L’engagement des jeunes cinéastes
Wissam Charaf, le cinéaste libanais particulièrement mis à l'honneur cette année – un habitué du festival et primé à plusieurs reprises – raconte aussi son parcours de cinéaste libanais. Il partage son expérience, ses inspirations et sa manière d'aborder l’écriture et la réalisation de films lors de sa master class. Un parcours illustré lors du programme 4 du Focus Liban, que le public a eu l’occasion de découvrir ou redécouvrir. Plusieurs réalisateurs ont eux aussi exposé les défis auxquels ils font face pour créer dans un pays où les moyens sont souvent limités.
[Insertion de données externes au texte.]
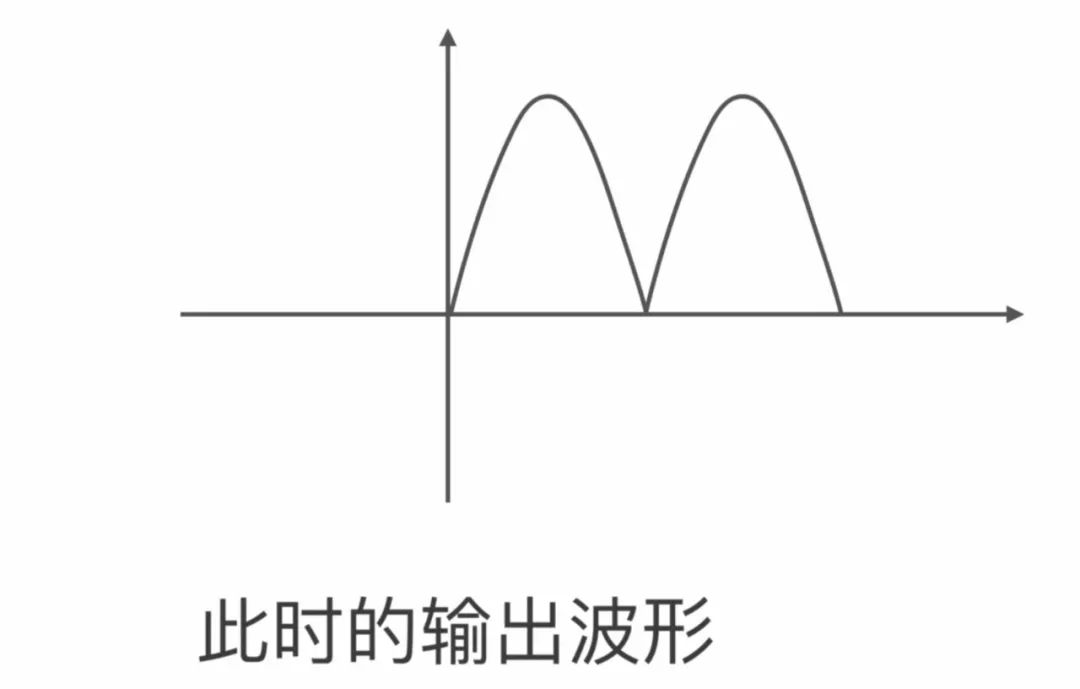 交流电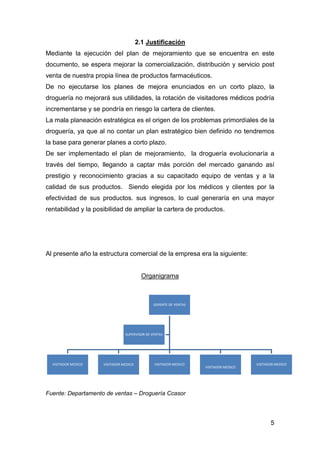 5
2.1 Justificación
Mediante la ejecución del plan de mejoramiento que se encuentra en este
documento, se espera mejorar la comercialización, distribución y servicio post
venta de nuestra propia línea de productos farmacéuticos.
De no ejecutarse los planes de mejora enunciados en un corto plazo, la
droguería no mejorará sus utilidades, la rotación de visitadores médicos podría
incrementarse y se pondría en riesgo la cartera de clientes.
La mala planeación estratégica es el origen de los problemas primordiales de la
droguería, ya que al no contar un plan estratégico bien definido no tendremos
la base para generar planes a corto plazo.
De ser implementado el plan de mejoramiento, la droguería evolucionaría a
través del tiempo, llegando a captar más porción del mercado ganando así
prestigio y reconocimiento gracias a su capacitado equipo de ventas y a la
calidad de sus productos. Siendo elegida por los médicos y clientes por la
efectividad de sus productos. sus ingresos, lo cual generaría en una mayor
rentabilidad y la posibilidad de ampliar la cartera de productos.
Al presente año la estructura comercial de la empresa era la siguiente:
Organigrama
Fuente: Departamento de ventas – Droguería Ccasor
GERENTE DE VENTAS
VISITADOR MEDICO VISITADOR MEDICO VISITADOR MEDICO
VISITADOR MEDICO
VISITADOR MEDICO
SUPERVISOR DE VENTAS
 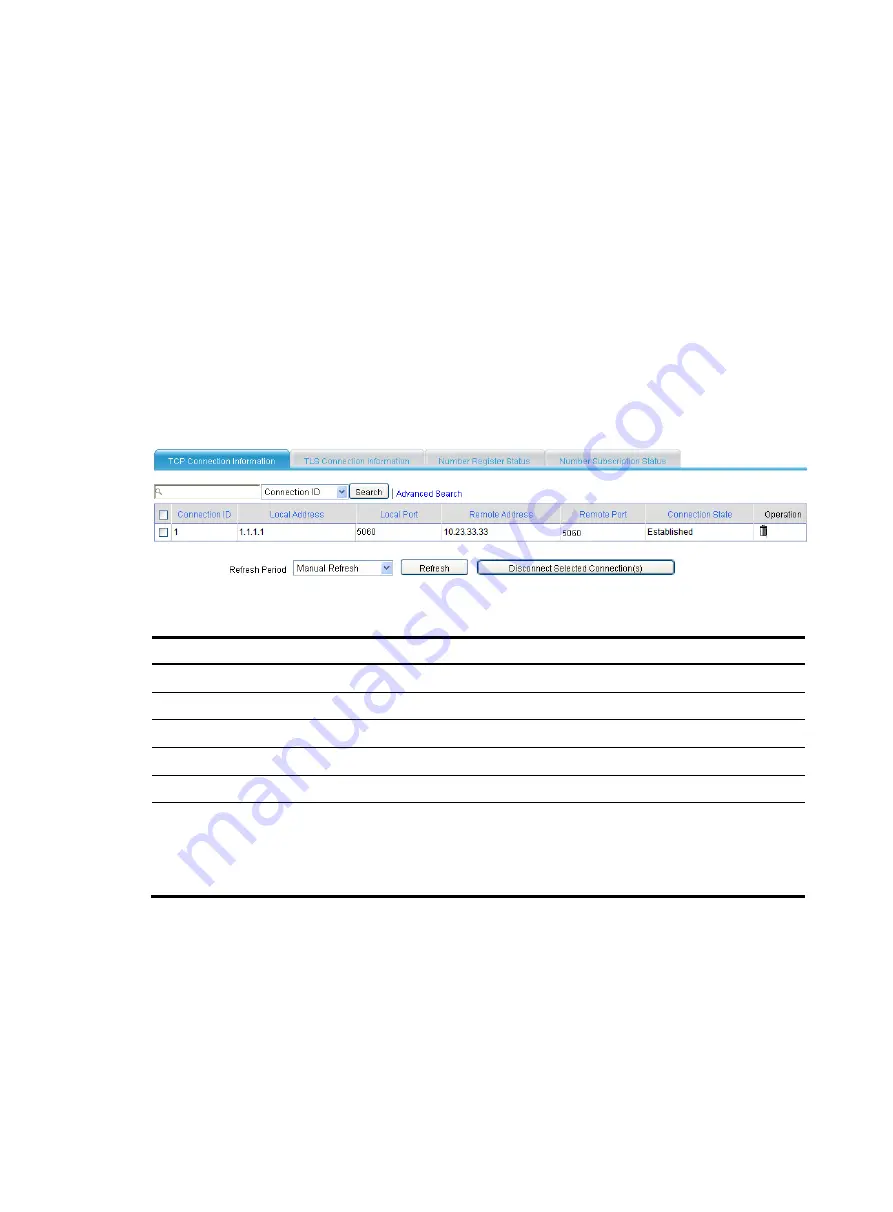 HP MSR SERIES Configuration Manual Download Page 843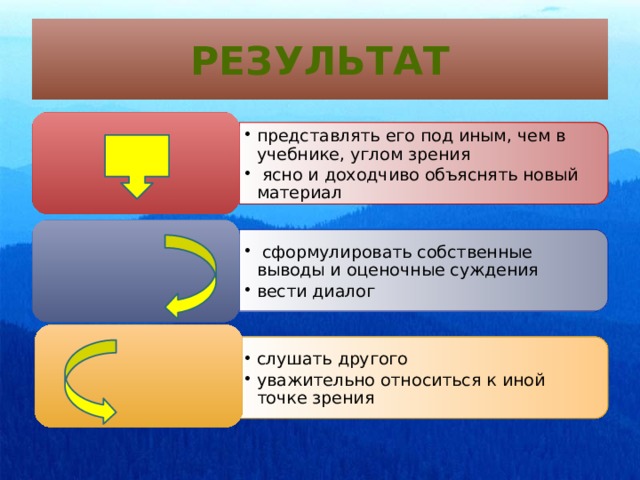 представлять его под иным, чем в учебнике, углом зрения  ясно и доходчиво объяснять новый материал представлять его под иным, чем в учебнике, углом зрения  ясно и доходчиво объяснять новый материал  сформулировать собственные выводы и оценочные суждения вести диалог  сформулировать собственные выводы и оценочные суждения вести диалог слушать другого уважительно относиться к иной точке зрения слушать другого уважительно относиться к иной точке зрения Результат 
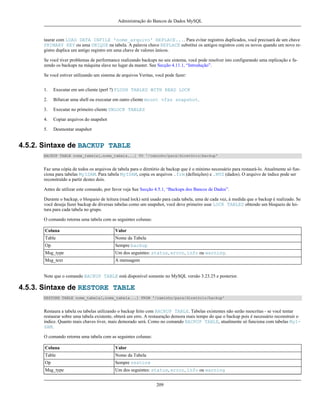 Administração do Bancos de Dados MySQL

taurar com LOAD DATA INFILE 'nome_arquivo' REPLACE.... Para evitar registros duplicados, você precisará de um chave
PRIMARY KEY ou uma UNIQUE na tabela. A palavra chave REPLACE substitui os antigos registros com os novos quando um novo registro duplica um antigo registro em uma chave de valores únicos.
Se você tiver problemas de performance realizando backups no seu sistema, você pode resolver isto configurando uma replicação e fazendo os backups na máquina slave no lugar da master. See Secção 4.11.1, “Introdução”.
Se você estiver utilizando um sistema de arquivos Veritas, você pode fazer:
1.

Executar em um cliente (perl ?) FLUSH TABLES WITH READ LOCK

2.

Bifurcar uma shell ou executar em outro cliente mount vfxs snapshot.

3.

Executar no primeiro cliente UNLOCK TABLES

4.

Copiar arquivos do snapshot

5.

Desmontar snapshot

4.5.2. Sintaxe de BACKUP TABLE
BACKUP TABLE nome_tabela[,nome_tabela...] TO '/caminho/para/diretório/backup'

Faz uma cópia de todos os arquivos de tabela para o diretório de backup que é o mínimo necessário para restaurá-lo. Atualmente só funciona para tabelas MyISAM. Para tabela MyISAM, copia os arquivos .frm (definições) e .MYD (dados). O arquivo de índice pode ser
reconstruído a partir destes dois.
Antes de utilizar este comando, por favor veja See Secção 4.5.1, “Backups dos Bancos de Dados”.
Durante o backup, o bloqueio de leitura (read lock) será usado para cada tabela, uma de cada vez, à medida que o backup é realizado. Se
você deseja fazer backup de diversas tabelas como um snapshot, você deve primeiro usar LOCK TABLES obtendo um bloqueio de leitura para cada tabela no grupo.
O comando retorna uma tabela com as seguintes colunas:
Coluna

Valor

Table

Nome da Tabela

Op

Sempre backup

Msg_type

Um dos seguintes: status, error, info ou warning.

Msg_text

A mensagem

Note que o comando BACKUP TABLE está disponível somente no MySQL versão 3.23.25 e posterior.

4.5.3. Sintaxe de RESTORE TABLE
RESTORE TABLE nome_tabela[,nome_tabela...] FROM '/caminho/para/diretório/backup'

Restaura a tabela ou tabelas utilizando o backup feito com BACKUP TABLE. Tabelas existentes não serão reescritas - se você tentar
restaurar sobre uma tabela existente, obterá um erro. A restauração demora mais tempo do que o backup pois é necessário reconstruir o
índice. Quanto mais chaves tiver, mais demorado será. Como no comando BACKUP TABLE, atualmente só funciona com tabelas MyISAM.
O comando retorna uma tabela com as seguintes colunas:
Coluna

Valor

Table

Nome da Tabela

Op

Sempre restore

Msg_type

Um dos seguintes: status, error, info ou warning
209

 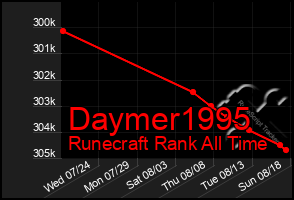 Total Graph of Daymer1995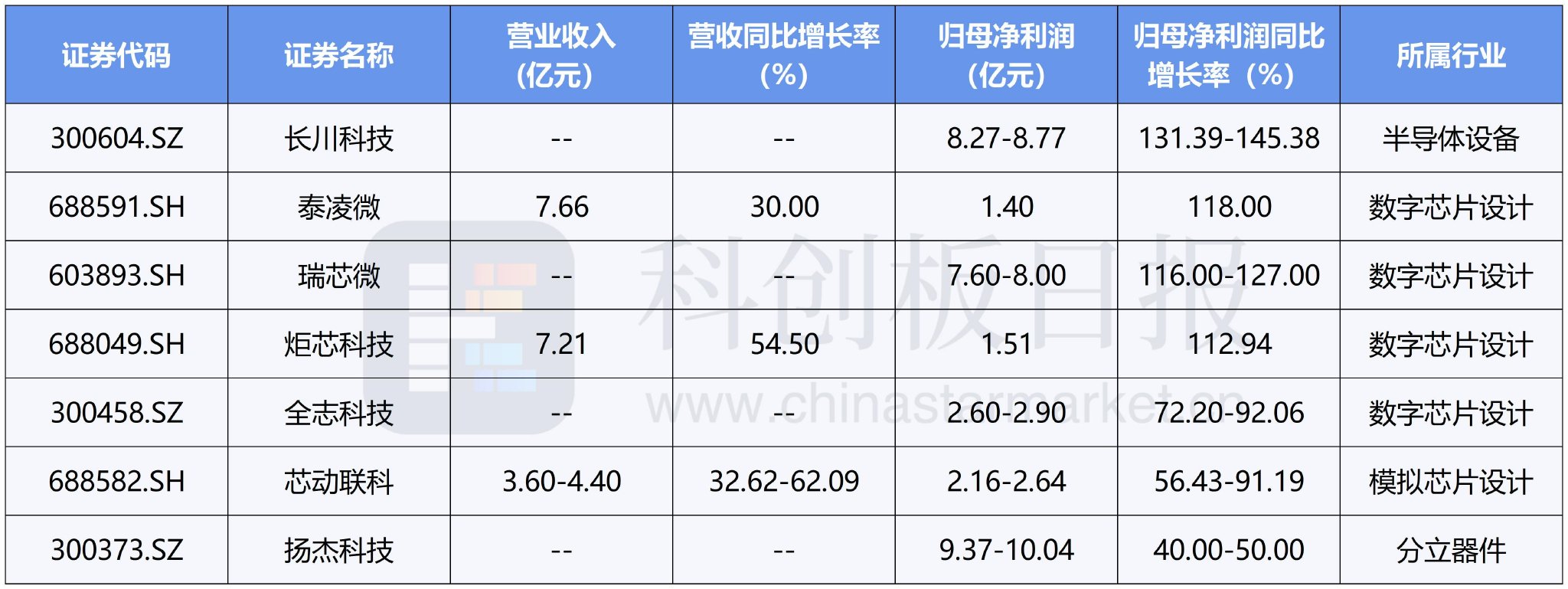 算力龙头领衔! 第一波半导体业绩浪来了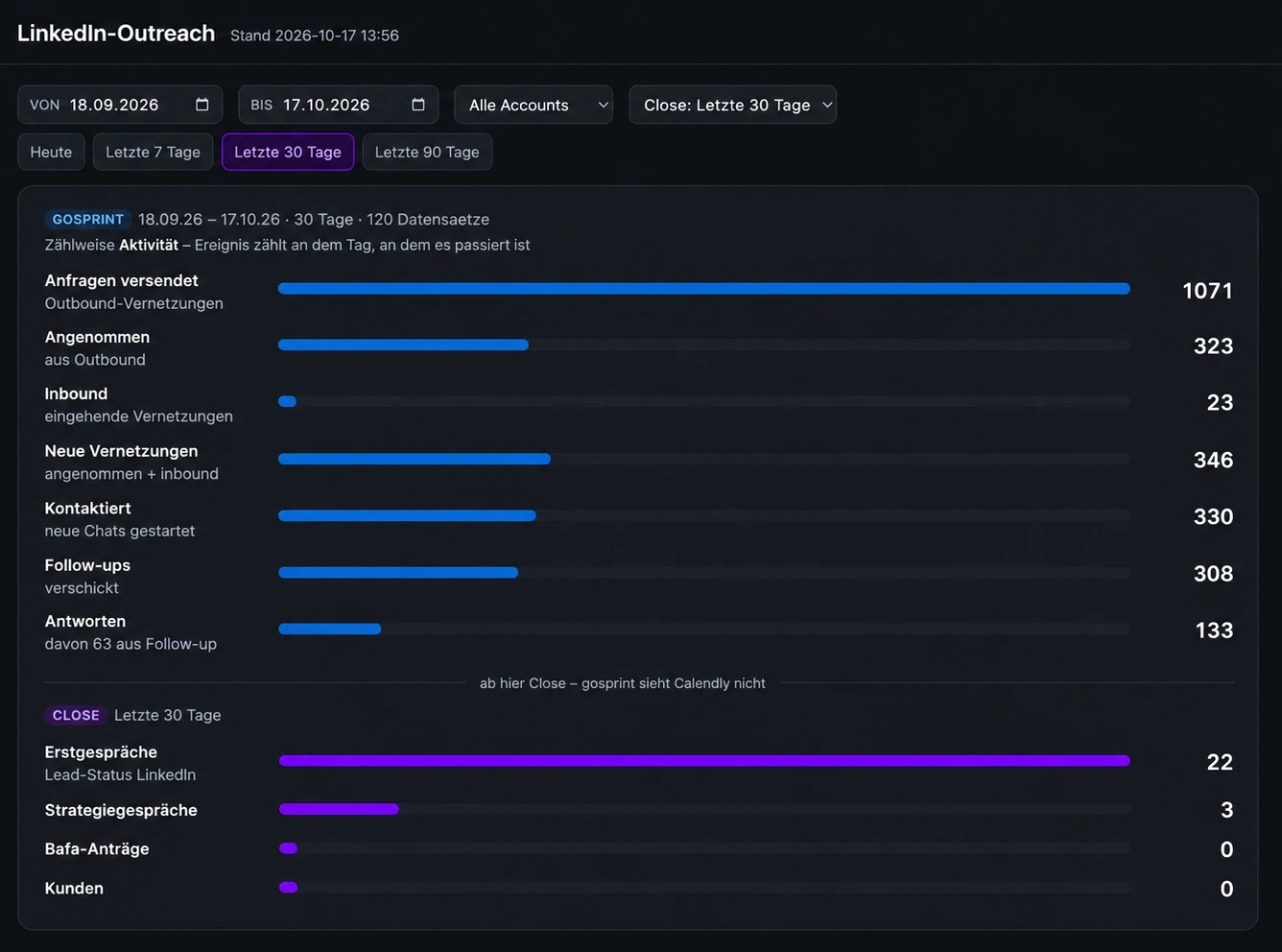 Dashboard unseres LinkedIn Outreach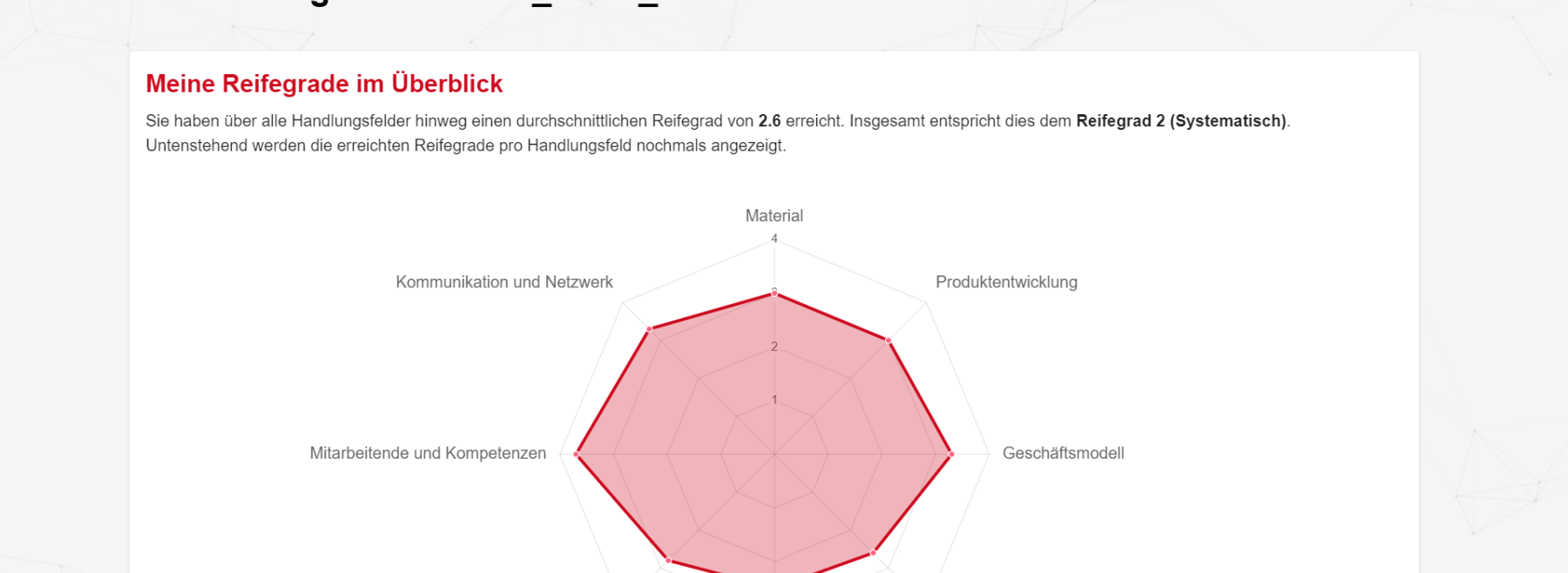 KW Check Auswertung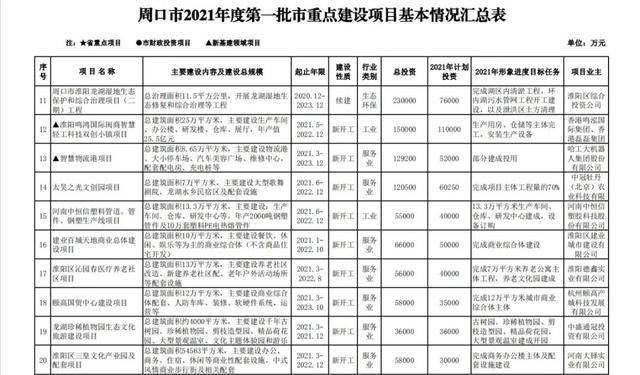 周口市市社会科学院最新项目研究，探索与发展之道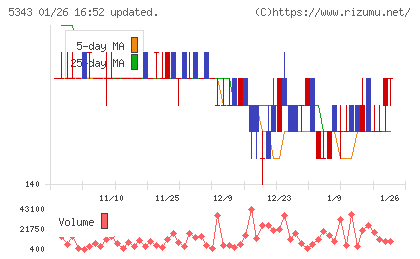 ニッコーチャート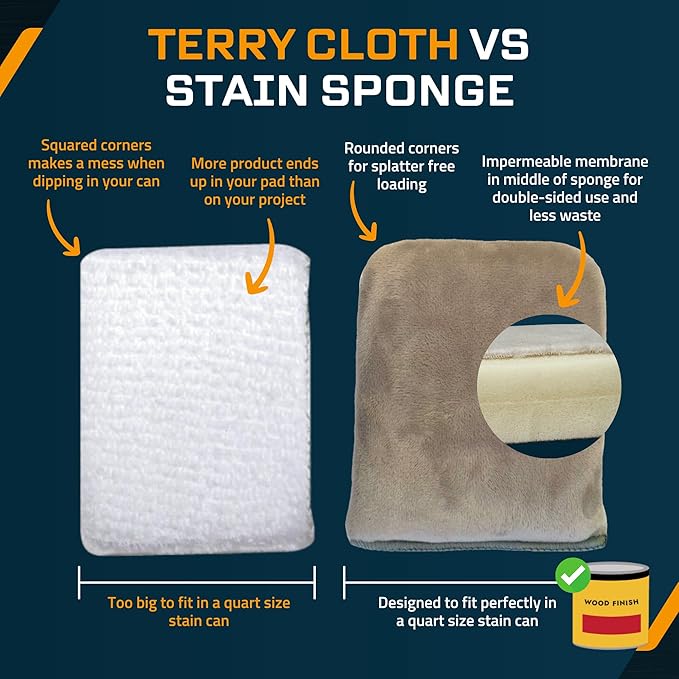 MāKRS Stain Sponge, 3-Pack Staining Pads, Stain Brushes for Wood, Lint and Streak-Free Applicator Sponges, Micro-Brush Over Foam Core, for Wood Stains and All Finishes, Easy to Use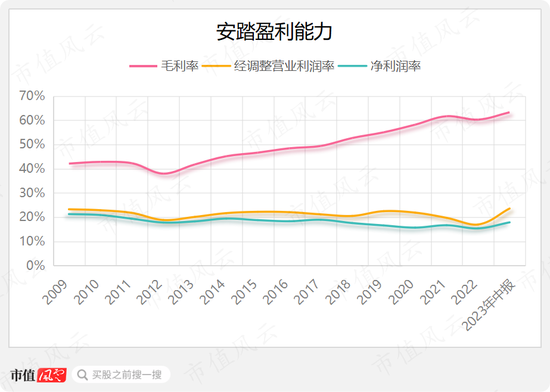 单日暴跌21%，港股体育用品老二李宁发生了什么？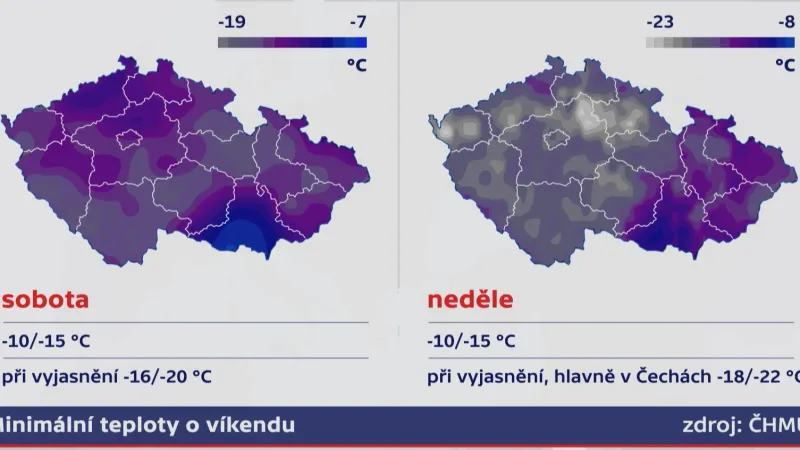 Víkendová minima v Česku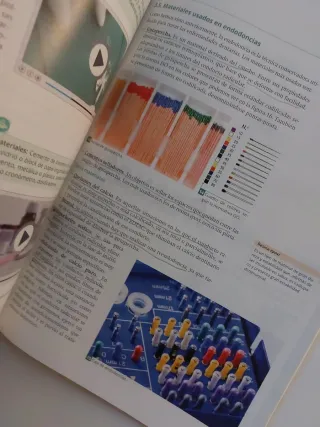 Tecnicas de Ayuda Odont y Estomat 2019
Dans le cadre de la table ronde “La jeune garde du cinéma libanais entre création et engagement”, le public a notamment pu découvrir l’engagement des jeunes cinéastes qui, malgré un contexte économique difficile, réussissent à faire vivre leur art et à partager leur vision du monde à travers des films puissants.
Enfin, les expositions ont eu aussi une place centrale dans le programme, notamment avec la participation de l’artiste libanais Brahim Samaha dans l’exposition collective Anatomie du Labo 17. Une autre exposition importante, Extended Spectrum, Photographies, présentait des travaux fascinants mêlant science et art, de l’artiste Lara Tabet (également membre du jury des films en compétition Labo), à l’hôtel Fontfreyde, tandis que le ciné-concert de l’artiste Nâr (Nadine Daou, membre aussi du jury des films en compétition Labo) au lieu-dit, a offert une expérience sensorielle immersive aux spectateurs.
Le Festival de Clermont-Ferrand aura ainsi marqué les esprits avec un Focus Liban aussi riche qu’impressionnant et méritant.